Why Policy Must Take Into Account Domestic Abuse Survivors

Every fortnight, we hand over the blog to one of the London Shapers, to give you a flavour of what they do, how they think and what's really going on in our hearts and minds. Today's piece comes from Resham Kotecha who is a Conservative Party campaigner and Founder of Podium Perfect.


For all the Government’s advice to stay at home and save lives over the last four months, for millions of Britons home is often the least safe place to be. Even in ‘normal’ times, domestic abuse survivors face a herculean task to escape their abusers, but the lockdown made the challenge almost impossible. Survivors faced the added challenge of struggling to call support lines with their partner always home. They were forced to bear the brunt of a perpetrator’s rage and frustration at a time of increased stress and pressure. They faced added challenges of making preparations to leave in secret, making it almost impossible to escape.


The scale of domestic abuse in this country is shocking – and often ignored. In the year ending March 2019, an estimated 2.4 million adults aged 16 to 74 years experienced domestic abuse (1.6 million women and 786,000 men) with the majority linked to partners rather than other family members.


Whilst domestic abuse affects men and women, women are statistically more likely to experience repeated and severe forms of abuse, including sexual violence. They are also more likely to have experienced ongoing physical, emotional, psychological or violence abuse that results in serious injury or death. Women experience higher rates of repeated attacks and are much more likely to be seriously injured.

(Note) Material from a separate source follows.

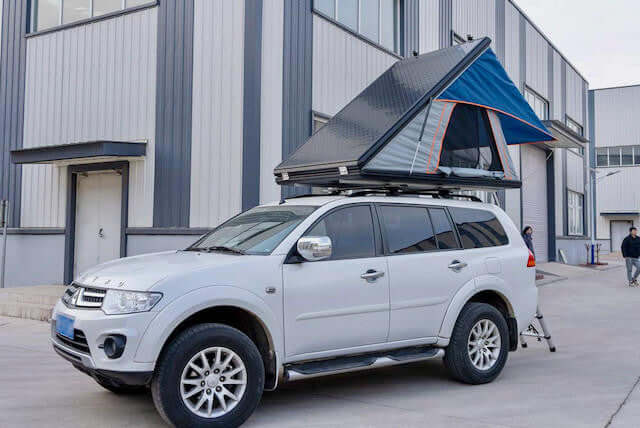 2 Person Aluminium HardShell Roof Top Tent with Side Awning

In the same 12-month period, 80 women were killed by a current or former partner – a 27% increase compared on the previous year. In four out of ten cases, the victims were killed in a domestic homicide. On average, two women every week across England and Wales are killed by a current or former partner.


Counting Dead Women, a project that records the killing of women by men in the UK has suggested that in the first six months of 2020, at least 61 women are suspected to have been killed by men, showing the fatal impact of our (much needed) lockdown for survivors of abuse. Since lockdown began, almost 300 beds in domestic abuse shelters were closed, awaited desperately needed Government funds to reopen. Lockdown meant that the mainly female survivors of domestic abuse had few options with regard to finding a safe space - few landlords were able, or willing, to take in new tenants. It is all too easy to forget the needs of these survivors, for whom daily life involves a fear for their emotional, physical and psychological health.


That is not to say there has not been action to address the issue. The Government introduced a #YouAreNotAlone campaign to raise awareness of the help available to domestic abuse survivors, and Chancellor Rishi Sunak announced £750million of funding for the charity sector, £2 million of which has been set aside to bolster helplines and online support for Domestic Abuse charities. In addition to this, the Domestic Abuse Bill has passed its final stages in the Commons and includes measures such as placing a duty on councils in England to provide shelter for victims of abuse and introduces the first legal government definition of domestic abuse, including economic abuse and coercive or controlling non-physical behaviour.


As we continue to lift restrictions, we must not forget to consider policy implications on survivors of domestic abuse. As the former Prime Minister, Theresa May pointed out, enforced working from home could prolong the extreme suffering survivors face, and this is likely to have fatal consequences. We must also recognise the likely longer term effect of coronavirus on survivors of domestic abuse. A significant economic contraction will mean higher unemployment, worse mental health and, most likely a surge in domestic abuse. If the mental, physical and sexual health of survivors was not reason enough to consider action, abuse itself has a profound economic impact, with a Home Office report in 2017 putting the cost at a staggering £66 billion a year. In addition to this, it is highly likely that we will see a surge in demand for domestic abuse services, as the release of lockdown means those who were unable to leave their abuse partners will be in desperate need of support to escape, and to escape quickly.


The Government has made great strides in the last ten years in its work to strengthen protections for domestic abuse survivors, with some examples including the introduction of Clare’s Law, the criminalisation of forced marriage and the inclusion of coerced control in the definition of domestic violence. The Domestic Abuse Bill that is now headed to the Lords will take the UK another step forward in supporting survivors. However, in order to ensure the survivors of domestic abuse have the protection they not only need, but deserve, Government policy - and even more importantly - funding, needs to be tailored to the urgent needs of survivors.


For those of us lucky enough to not live in daily fear for our lives, we need to ensure we fight for the policies and funding needed to ensure survivors can live in safety too. Most of us are wishing for life to “get back to normal” as quickly as possible. For those who are survivors of domestic abuse, they will be wishing for a new normal. A safe normal, where home is as safe for them as it is for the rest of us.